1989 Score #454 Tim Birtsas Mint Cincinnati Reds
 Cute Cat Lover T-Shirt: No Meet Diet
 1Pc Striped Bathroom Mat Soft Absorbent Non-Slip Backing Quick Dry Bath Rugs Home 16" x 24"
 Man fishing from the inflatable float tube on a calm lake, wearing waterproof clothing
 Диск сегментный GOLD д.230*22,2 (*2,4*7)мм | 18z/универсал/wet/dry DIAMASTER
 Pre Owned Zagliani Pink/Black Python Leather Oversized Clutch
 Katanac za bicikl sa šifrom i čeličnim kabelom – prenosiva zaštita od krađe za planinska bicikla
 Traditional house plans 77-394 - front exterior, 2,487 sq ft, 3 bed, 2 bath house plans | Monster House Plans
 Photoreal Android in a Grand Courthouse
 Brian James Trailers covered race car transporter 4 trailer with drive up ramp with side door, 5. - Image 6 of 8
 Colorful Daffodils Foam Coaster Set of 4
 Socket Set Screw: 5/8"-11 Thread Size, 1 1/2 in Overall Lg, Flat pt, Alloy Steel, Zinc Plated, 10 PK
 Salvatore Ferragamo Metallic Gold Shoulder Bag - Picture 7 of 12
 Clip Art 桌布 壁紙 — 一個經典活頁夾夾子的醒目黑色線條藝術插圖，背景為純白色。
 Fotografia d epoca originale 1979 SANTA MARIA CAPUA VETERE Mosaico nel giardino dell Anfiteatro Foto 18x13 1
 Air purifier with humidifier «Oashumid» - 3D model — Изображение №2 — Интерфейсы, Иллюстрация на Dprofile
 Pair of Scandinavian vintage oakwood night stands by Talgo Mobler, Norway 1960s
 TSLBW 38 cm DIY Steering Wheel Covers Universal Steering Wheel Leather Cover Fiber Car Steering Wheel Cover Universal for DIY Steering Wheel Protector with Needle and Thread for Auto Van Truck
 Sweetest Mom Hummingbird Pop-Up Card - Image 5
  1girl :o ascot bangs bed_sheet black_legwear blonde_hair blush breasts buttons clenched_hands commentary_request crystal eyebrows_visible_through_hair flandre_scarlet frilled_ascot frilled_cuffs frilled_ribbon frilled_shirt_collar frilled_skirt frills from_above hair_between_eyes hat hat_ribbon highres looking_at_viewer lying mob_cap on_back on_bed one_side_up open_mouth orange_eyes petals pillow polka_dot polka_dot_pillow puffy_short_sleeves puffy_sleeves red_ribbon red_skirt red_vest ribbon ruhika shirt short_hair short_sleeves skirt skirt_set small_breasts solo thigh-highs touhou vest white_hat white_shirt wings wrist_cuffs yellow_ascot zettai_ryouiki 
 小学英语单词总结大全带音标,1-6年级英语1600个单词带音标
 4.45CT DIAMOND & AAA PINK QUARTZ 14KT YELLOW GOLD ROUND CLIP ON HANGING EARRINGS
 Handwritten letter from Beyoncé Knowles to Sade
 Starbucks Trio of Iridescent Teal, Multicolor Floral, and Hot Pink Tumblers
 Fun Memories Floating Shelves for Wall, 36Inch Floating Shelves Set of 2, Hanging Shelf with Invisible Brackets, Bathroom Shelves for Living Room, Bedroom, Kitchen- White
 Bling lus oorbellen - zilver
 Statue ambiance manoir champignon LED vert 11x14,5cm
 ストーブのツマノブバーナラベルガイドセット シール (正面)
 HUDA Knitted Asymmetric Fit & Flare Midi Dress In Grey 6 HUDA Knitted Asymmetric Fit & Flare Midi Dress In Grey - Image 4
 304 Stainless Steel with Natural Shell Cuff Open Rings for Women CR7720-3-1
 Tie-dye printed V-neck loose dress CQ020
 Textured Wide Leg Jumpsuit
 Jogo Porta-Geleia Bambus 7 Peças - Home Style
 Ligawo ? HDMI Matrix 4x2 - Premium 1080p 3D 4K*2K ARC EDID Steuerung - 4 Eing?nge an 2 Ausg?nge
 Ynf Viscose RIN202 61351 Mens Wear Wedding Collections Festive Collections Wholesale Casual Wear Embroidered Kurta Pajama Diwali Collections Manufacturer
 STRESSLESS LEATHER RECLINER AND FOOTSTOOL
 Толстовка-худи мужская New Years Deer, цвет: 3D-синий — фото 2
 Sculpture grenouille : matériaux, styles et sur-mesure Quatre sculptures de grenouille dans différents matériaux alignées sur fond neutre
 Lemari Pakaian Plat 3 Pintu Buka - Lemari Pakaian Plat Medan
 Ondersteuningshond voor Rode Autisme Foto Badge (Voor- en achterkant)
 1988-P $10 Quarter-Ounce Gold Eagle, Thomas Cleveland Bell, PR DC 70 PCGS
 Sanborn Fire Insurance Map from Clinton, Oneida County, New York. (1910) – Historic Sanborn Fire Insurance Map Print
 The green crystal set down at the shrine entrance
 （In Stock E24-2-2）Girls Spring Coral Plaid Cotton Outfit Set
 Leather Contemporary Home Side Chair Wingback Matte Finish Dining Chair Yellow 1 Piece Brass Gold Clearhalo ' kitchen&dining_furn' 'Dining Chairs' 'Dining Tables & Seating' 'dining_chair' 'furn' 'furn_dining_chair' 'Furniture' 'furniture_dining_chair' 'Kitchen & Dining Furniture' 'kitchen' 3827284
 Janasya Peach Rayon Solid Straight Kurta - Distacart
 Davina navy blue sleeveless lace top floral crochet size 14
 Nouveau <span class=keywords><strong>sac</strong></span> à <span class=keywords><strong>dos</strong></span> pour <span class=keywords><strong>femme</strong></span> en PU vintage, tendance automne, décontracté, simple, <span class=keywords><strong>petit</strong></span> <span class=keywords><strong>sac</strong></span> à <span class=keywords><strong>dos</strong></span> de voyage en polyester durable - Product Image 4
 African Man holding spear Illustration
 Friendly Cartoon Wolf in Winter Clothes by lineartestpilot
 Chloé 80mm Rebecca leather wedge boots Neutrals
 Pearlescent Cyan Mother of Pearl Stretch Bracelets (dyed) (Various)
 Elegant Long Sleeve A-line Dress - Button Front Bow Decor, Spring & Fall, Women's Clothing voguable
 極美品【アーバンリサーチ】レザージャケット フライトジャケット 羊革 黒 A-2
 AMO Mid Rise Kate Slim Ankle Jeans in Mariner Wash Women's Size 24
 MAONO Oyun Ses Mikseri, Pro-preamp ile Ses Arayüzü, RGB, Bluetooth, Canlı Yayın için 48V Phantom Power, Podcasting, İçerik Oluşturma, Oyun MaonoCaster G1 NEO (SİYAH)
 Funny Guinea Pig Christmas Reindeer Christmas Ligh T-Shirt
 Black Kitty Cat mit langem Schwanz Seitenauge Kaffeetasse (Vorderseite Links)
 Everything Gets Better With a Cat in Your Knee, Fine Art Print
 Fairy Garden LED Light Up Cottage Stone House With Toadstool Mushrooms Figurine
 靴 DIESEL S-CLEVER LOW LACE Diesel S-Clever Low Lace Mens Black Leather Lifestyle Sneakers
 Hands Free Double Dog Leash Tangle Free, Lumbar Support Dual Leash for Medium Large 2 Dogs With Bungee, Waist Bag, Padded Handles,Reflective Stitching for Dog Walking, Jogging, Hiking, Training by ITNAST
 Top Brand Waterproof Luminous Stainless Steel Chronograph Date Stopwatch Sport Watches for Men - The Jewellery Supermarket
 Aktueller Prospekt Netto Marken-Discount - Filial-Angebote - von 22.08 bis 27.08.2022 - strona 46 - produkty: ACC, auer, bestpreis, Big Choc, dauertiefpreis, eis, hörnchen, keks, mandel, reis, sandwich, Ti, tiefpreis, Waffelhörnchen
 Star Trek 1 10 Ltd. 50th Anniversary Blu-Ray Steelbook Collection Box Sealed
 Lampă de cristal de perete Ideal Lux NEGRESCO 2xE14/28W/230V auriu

§

Required work: The material above is to be transcribed in full, exactly as it appears.

Task result:
1989 Score #454 Tim Birtsas Mint Cincinnati Reds
 Cute Cat Lover T-Shirt: No Meet Diet
 1Pc Striped Bathroom Mat Soft Absorbent Non-Slip Backing Quick Dry Bath Rugs Home 16" x 24"
 Man fishing from the inflatable float tube on a calm lake, wearing waterproof clothing
 Диск сегментный GOLD д.230*22,2 (*2,4*7)мм | 18z/универсал/wet/dry DIAMASTER
 Pre Owned Zagliani Pink/Black Python Leather Oversized Clutch
 Katanac za bicikl sa šifrom i čeličnim kabelom – prenosiva zaštita od krađe za planinska bicikla
 Traditional house plans 77-394 - front exterior, 2,487 sq ft, 3 bed, 2 bath house plans | Monster House Plans
 Photoreal Android in a Grand Courthouse
 Brian James Trailers covered race car transporter 4 trailer with drive up ramp with side door, 5. - Image 6 of 8
 Colorful Daffodils Foam Coaster Set of 4
 Socket Set Screw: 5/8"-11 Thread Size, 1 1/2 in Overall Lg, Flat pt, Alloy Steel, Zinc Plated, 10 PK
 Salvatore Ferragamo Metallic Gold Shoulder Bag - Picture 7 of 12
 Clip Art 桌布 壁紙 — 一個經典活頁夾夾子的醒目黑色線條藝術插圖，背景為純白色。
 Fotografia d epoca originale 1979 SANTA MARIA CAPUA VETERE Mosaico nel giardino dell Anfiteatro Foto 18x13 1
 Air purifier with humidifier «Oashumid» - 3D model — Изображение №2 — Интерфейсы, Иллюстрация на Dprofile
 Pair of Scandinavian vintage oakwood night stands by Talgo Mobler, Norway 1960s
 TSLBW 38 cm DIY Steering Wheel Covers Universal Steering Wheel Leather Cover Fiber Car Steering Wheel Cover Universal for DIY Steering Wheel Protector with Needle and Thread for Auto Van Truck
 Sweetest Mom Hummingbird Pop-Up Card - Image 5
  1girl :o ascot bangs bed_sheet black_legwear blonde_hair blush breasts buttons clenched_hands commentary_request crystal eyebrows_visible_through_hair flandre_scarlet frilled_ascot frilled_cuffs frilled_ribbon frilled_shirt_collar frilled_skirt frills from_above hair_between_eyes hat hat_ribbon highres looking_at_viewer lying mob_cap on_back on_bed one_side_up open_mouth orange_eyes petals pillow polka_dot polka_dot_pillow puffy_short_sleeves puffy_sleeves red_ribbon red_skirt red_vest ribbon ruhika shirt short_hair short_sleeves skirt skirt_set small_breasts solo thigh-highs touhou vest white_hat white_shirt wings wrist_cuffs yellow_ascot zettai_ryouiki 
 小学英语单词总结大全带音标,1-6年级英语1600个单词带音标
 4.45CT DIAMOND & AAA PINK QUARTZ 14KT YELLOW GOLD ROUND CLIP ON HANGING EARRINGS
 Handwritten letter from Beyoncé Knowles to Sade
 Starbucks Trio of Iridescent Teal, Multicolor Floral, and Hot Pink Tumblers
 Fun Memories Floating Shelves for Wall, 36Inch Floating Shelves Set of 2, Hanging Shelf with Invisible Brackets, Bathroom Shelves for Living Room, Bedroom, Kitchen- White
 Bling lus oorbellen - zilver
 Statue ambiance manoir champignon LED vert 11x14,5cm
 ストーブのツマノブバーナラベルガイドセット シール (正面)
 HUDA Knitted Asymmetric Fit & Flare Midi Dress In Grey 6 HUDA Knitted Asymmetric Fit & Flare Midi Dress In Grey - Image 4
 304 Stainless Steel with Natural Shell Cuff Open Rings for Women CR7720-3-1
 Tie-dye printed V-neck loose dress CQ020
 Textured Wide Leg Jumpsuit
 Jogo Porta-Geleia Bambus 7 Peças - Home Style
 Ligawo ? HDMI Matrix 4x2 - Premium 1080p 3D 4K*2K ARC EDID Steuerung - 4 Eing?nge an 2 Ausg?nge
 Ynf Viscose RIN202 61351 Mens Wear Wedding Collections Festive Collections Wholesale Casual Wear Embroidered Kurta Pajama Diwali Collections Manufacturer
 STRESSLESS LEATHER RECLINER AND FOOTSTOOL
 Толстовка-худи мужская New Years Deer, цвет: 3D-синий — фото 2
 Sculpture grenouille : matériaux, styles et sur-mesure Quatre sculptures de grenouille dans différents matériaux alignées sur fond neutre
 Lemari Pakaian Plat 3 Pintu Buka - Lemari Pakaian Plat Medan
 Ondersteuningshond voor Rode Autisme Foto Badge (Voor- en achterkant)
 1988-P $10 Quarter-Ounce Gold Eagle, Thomas Cleveland Bell, PR DC 70 PCGS
 Sanborn Fire Insurance Map from Clinton, Oneida County, New York. (1910) – Historic Sanborn Fire Insurance Map Print
 The green crystal set down at the shrine entrance
 （In Stock E24-2-2）Girls Spring Coral Plaid Cotton Outfit Set
 Leather Contemporary Home Side Chair Wingback Matte Finish Dining Chair Yellow 1 Piece Brass Gold Clearhalo ' kitchen&dining_furn' 'Dining Chairs' 'Dining Tables & Seating' 'dining_chair' 'furn' 'furn_dining_chair' 'Furniture' 'furniture_dining_chair' 'Kitchen & Dining Furniture' 'kitchen' 3827284
 Janasya Peach Rayon Solid Straight Kurta - Distacart
 Davina navy blue sleeveless lace top floral crochet size 14
 Nouveau <span class=keywords><strong>sac</strong></span> à <span class=keywords><strong>dos</strong></span> pour <span class=keywords><strong>femme</strong></span> en PU vintage, tendance automne, décontracté, simple, <span class=keywords><strong>petit</strong></span> <span class=keywords><strong>sac</strong></span> à <span class=keywords><strong>dos</strong></span> de voyage en polyester durable - Product Image 4
 African Man holding spear Illustration
 Friendly Cartoon Wolf in Winter Clothes by lineartestpilot
 Chloé 80mm Rebecca leather wedge boots Neutrals
 Pearlescent Cyan Mother of Pearl Stretch Bracelets (dyed) (Various)
 Elegant Long Sleeve A-line Dress - Button Front Bow Decor, Spring & Fall, Women's Clothing voguable
 極美品【アーバンリサーチ】レザージャケット フライトジャケット 羊革 黒 A-2
 AMO Mid Rise Kate Slim Ankle Jeans in Mariner Wash Women's Size 24
 MAONO Oyun Ses Mikseri, Pro-preamp ile Ses Arayüzü, RGB, Bluetooth, Canlı Yayın için 48V Phantom Power, Podcasting, İçerik Oluşturma, Oyun MaonoCaster G1 NEO (SİYAH)
 Funny Guinea Pig Christmas Reindeer Christmas Ligh T-Shirt
 Black Kitty Cat mit langem Schwanz Seitenauge Kaffeetasse (Vorderseite Links)
 Everything Gets Better With a Cat in Your Knee, Fine Art Print
 Fairy Garden LED Light Up Cottage Stone House With Toadstool Mushrooms Figurine
 靴 DIESEL S-CLEVER LOW LACE Diesel S-Clever Low Lace Mens Black Leather Lifestyle Sneakers
 Hands Free Double Dog Leash Tangle Free, Lumbar Support Dual Leash for Medium Large 2 Dogs With Bungee, Waist Bag, Padded Handles,Reflective Stitching for Dog Walking, Jogging, Hiking, Training by ITNAST
 Top Brand Waterproof Luminous Stainless Steel Chronograph Date Stopwatch Sport Watches for Men - The Jewellery Supermarket
 Aktueller Prospekt Netto Marken-Discount - Filial-Angebote - von 22.08 bis 27.08.2022 - strona 46 - produkty: ACC, auer, bestpreis, Big Choc, dauertiefpreis, eis, hörnchen, keks, mandel, reis, sandwich, Ti, tiefpreis, Waffelhörnchen
 Star Trek 1 10 Ltd. 50th Anniversary Blu-Ray Steelbook Collection Box Sealed
 Lampă de cristal de perete Ideal Lux NEGRESCO 2xE14/28W/230V auriu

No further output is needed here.